Although DO ‑ 178C/ED ‑ 12C doesn't prescribe any specific software life cycle, the development and verification processes that it encompasses can be represented as a variation of the traditional "V-model". As shown in Fig. 1, AdaCore's products and the Ada and SPARK languages contribute principally to the bottom portions of the V — coding and integration and their verification. The Table annotations in Fig. 1 refer to the tables in DO ‑ 178C/ED ‑ 12C and, when applicable, specific objectives in those tables.

Fig. 1 AdaCore Technologies and DO ‑ 178C/ED ‑ 12C Life Cycle Processes

Complementing AdaCore's support for Ada and SPARK, the company offers tools and technologies for C, C++ and Rust.
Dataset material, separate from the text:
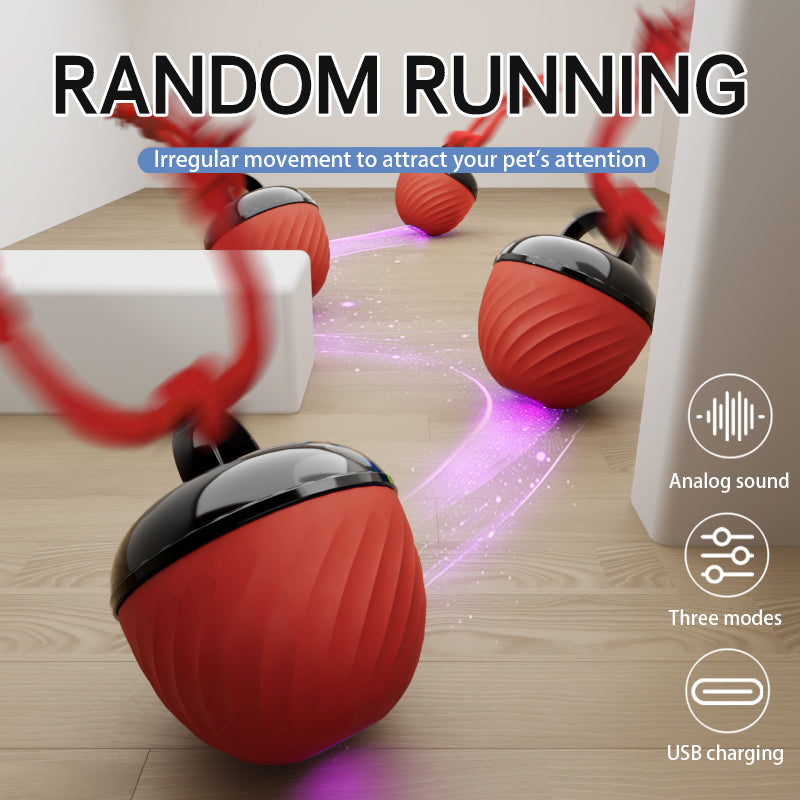 Smart Interactive Dog & Cat Toy Ball | USB Rechargeable Moving Pet Toy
Although C lacks the built-in checks as well as other functionality that Ada provides, AdaCore's Ada and C toolchains have similar capabilities. And mixed-language applications can take advantage of Ada's interface checking that is performed during inter-module communication.

AdaCore's Ada and C compilers can help developers produce reliable software, targeting embedded platforms with RTOSes as well as bare metal configurations. These are available with long term support, certifiable run-time libraries, and source-to-object traceability analyses as required for DO ‑ 178C/ED ‑ 12C Level A. Supplementing the compilers are a comprehensive set of static and dynamic analysis tools, including a code standard enforcer, a vulnerability and logic error detector, test and coverage analyzers, and a fuzzing tool.

A number of these tools are qualifiable with respect to the DO ‑ 330/ED ‑ 215 standard (Tool Qualification Considerations). The use of qualified tools can save considerable effort during development and/or verification since the output of the tools does not need to be manually checked. Qualification material, at the applicable Tool Qualification Level (TQL), is available for specific AdaCore tools.

Supplementing the core DO ‑ 178C/ED ‑ 12C standard are three supplements that address specific technologies:

• DO-331/ED-218: Model-Based Development and Verification

  AdaCore's tools and technologies can be used in conjunction with model-based methods but do not relate directly to the issues addressed in DO ‑ 331/ED ‑ 218.

• DO-332/ED-217: Object-Oriented Technology and Related Techniques

  The Ada and SPARK languages provide specific features that help meet the objectives of DO ‑ 332/ED ‑ 217, thus allowing developers to exploit Object Orientation (e.g., class hierarchies and inheritance for specifying data relationships) in a certified application.

• DO-333/ED-216: Formal Methods

  The SPARK language and toolset directly support DO ‑ 333/ED ‑ 216, allowing the use of formal proofs to replace some low-level testing.

The technologies and associated options presented in this document are known to be acceptable, and certification authorities have already accepted most of them on actual projects. However, acceptance is project dependent. An activity using a technique or method may be considered as appropriate to satisfy one or several DO ‑ 178C/ED ‑ 12C objectives for one project (determined by the development standards, the input complexity, the target computer and system environment) but not necessarily on another project. The effort and amount of justification to gain approval may also differ from one auditor to another, depending of their background. Whenever a new tool, method, or technique is introduced, it's important to open a discussion with AdaCore and the designated authority to confirm its acceptability. The level of detail in the process description provided in the project plans and standard is a key factor in gaining acceptance.